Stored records
☆ ☆ ☆ ☆

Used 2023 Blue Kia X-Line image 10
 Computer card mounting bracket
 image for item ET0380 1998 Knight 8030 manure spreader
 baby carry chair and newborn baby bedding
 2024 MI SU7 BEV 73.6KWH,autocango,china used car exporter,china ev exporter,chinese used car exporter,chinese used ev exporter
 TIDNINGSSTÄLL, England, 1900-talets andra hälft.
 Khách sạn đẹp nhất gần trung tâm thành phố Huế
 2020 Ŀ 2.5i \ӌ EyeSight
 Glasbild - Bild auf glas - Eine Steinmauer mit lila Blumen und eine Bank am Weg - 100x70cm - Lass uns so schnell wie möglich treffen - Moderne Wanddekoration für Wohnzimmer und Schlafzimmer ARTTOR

☆ ☆ ☆ ☆

## WHAT THE EXERCISE ASKS
Return the lines above, starting at the one that contains "2020 Ŀ 2.5i \ӌ EyeSight" and running through the last, exactly as they appear, with no extra lines.

## EXERCISE RESPONSE
 2020 Ŀ 2.5i \ӌ EyeSight
 Glasbild - Bild auf glas - Eine Steinmauer mit lila Blumen und eine Bank am Weg - 100x70cm - Lass uns so schnell wie möglich treffen - Moderne Wanddekoration für Wohnzimmer und Schlafzimmer ARTTOR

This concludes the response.